For instance, let’s assume that your loss exceedance curve displays that there is a 100% chance of losing $1 million or more over the next three years. Clearly, anything under a $1 million loss is not material to the organization; it is just another cost, like paying a salary or purchasing raw materials. Now, what happens if our graph shows that the board is willing to assume a 10% chance that the organization might lose $10 million or more in the same time frame; $10 million is a lot to any organization, but at those odds, it is an acceptable risk to the organization. Finally, there’s the scenario where the board is not willing to assume any risk where the loss is $40 million or more, regardless of the probability. In this example, we can see that the board views any loss above $40 million as material to the business.

In fact, any place on the graph where the Risk Tolerance Curve is above the Inherent Risk Curve represents a potential material loss to the organization. Using the loss exceedance curve, that will be demonstrated as clear as day for the board. 

The Power and Beauty of Algorithms

Throughout this series of articles, we’ve sought to demonstrate that quantitative risk assessment methods are far superior to the qualitative methods traditionally used to evaluate risk. As business leaders and risk officers prepare for their board presentation, how can you use a quantitative risk philosophy on your own environment to present a more accurate picture of risk for the board?

We believe you can—and should—use a custom algorithm to give the board a more complete and accurate portrayal of risk. In building this algorithm, we believe you need to follow a specific sequence:

  1. Determine the current cost of the existing security programs.
  2. Estimate the cost after the “boom” (the breach event).
  3. Build the Inherent Risk Curve.
  4. Build the Risk Tolerance Curve.
  5. Overlay those curves.
  6. If inherent risk is less than risk tolerance, do nothing (for now).
  7. If inherent risk is greater than risk tolerance, develop your strategy for reducing risk.
  8. Build the Residual Risk Curve.
  9. Calculate the cost of the new strategy.
  10. If the cost of the residual risk plan is greater than the risk tolerance curve, start over. (If you’re building a solution that costs more than the organization’s risk tolerance, you need to rethink it.)
  11. For each board meeting, repeat.

After 25 years of trying to convey technical risk to senior leaders, it is obvious to us that the network defender community has been doing it all wrong.

There are reams of research that prove the traditional qualitative risk matrices—the infamous heat map—to convey business risk to the board is just bad science.

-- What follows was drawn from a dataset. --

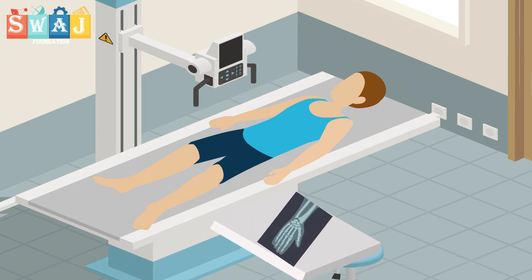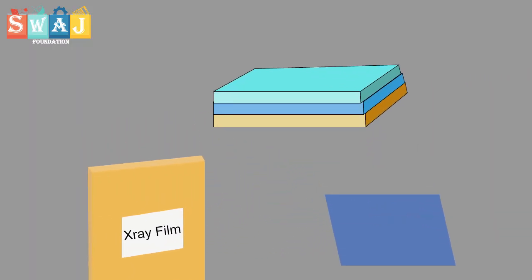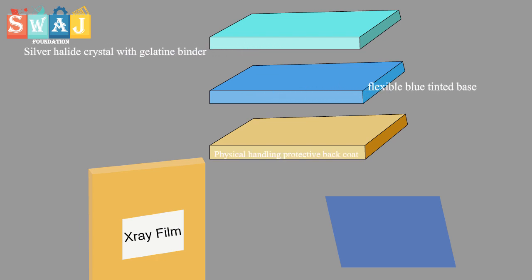For taking images of our bones and joints through x-rays, we use x-ray film which is made of an emulsion gelatin containing radiation-sensitive silver halide crystals and a flexible transparent blue tinted base.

It is time for network defenders—supported, backed and promoted by business leadership—to turn to better, more scientific methods that have proven to work in other areas. Where problems seem intractable and a large set of established outcomes does not yet exist, new methods are needed, and we have detailed some of them.

Specifically, statistical sampling and Monte Carlo simulations can—and must—replace heat maps with a more representative, statistically based set of latency curves that easily illustrate the inherent risk to the organization, compared to the board’s risk appetite.

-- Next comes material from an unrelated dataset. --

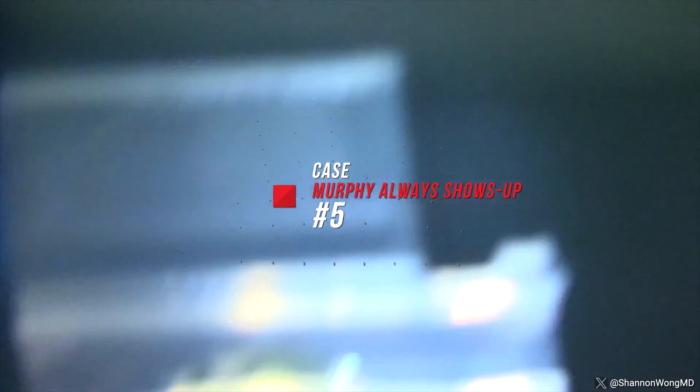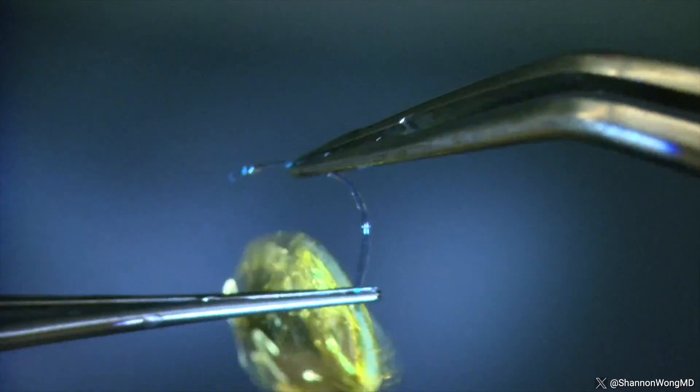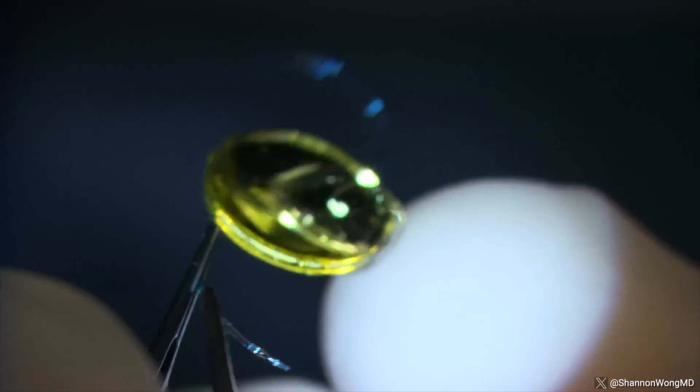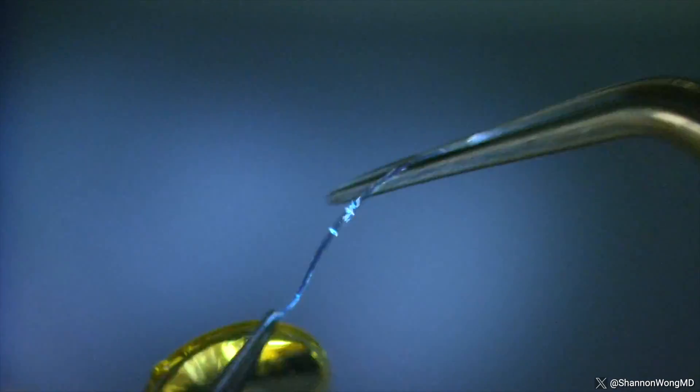Case number five: Murphy always shows up. Just when we think we have all the bugs eliminated from our LAL insertion process, let me share one final case. We load the lens in the usual manner, then begin to push the LAL through the insertion cartridge when we notice that the leading haptic is kinked or folded backwards toward the LAL optic. If we insert the lens into the eye the haptic will be bent and the LAL will not center normally. So we reopen the insertion cartridge, remove the LAL, and inspect the bent leading haptic. Then using two forceps, we methodically reshape and reconfigure the leading haptic into a normal conformation, carefully ensuring the haptic is in the correct shape and angulation. We then reload the same lens into the injection cartridge and deliver the LAL successfully into the eye.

Editor’s note: This article was adapted from a technical paper presented by the authors at the 2019 RSA Conference.

Rick Howard is chief security officer at Palo Alto Networks; David Caswell is head of the computer and cyber sciences department at the U.S. Air Force Academy; and Richard Seiersen is co-author of “How to Measure Anything in Cybersecurity Risk.”

End Points

  • As a best practice, it’s time to jettison the idea of a heat map as the main tool to demonstrate and illustrate risk to senior leadership.
  • Risk officers should use “loss exceedance curves” to frame risk decisions to senior leaders in an easily consumable manner.
  • Building a customized algorithm can help business leaders create a more accurate depiction of risk compared with the board’s risk appetite.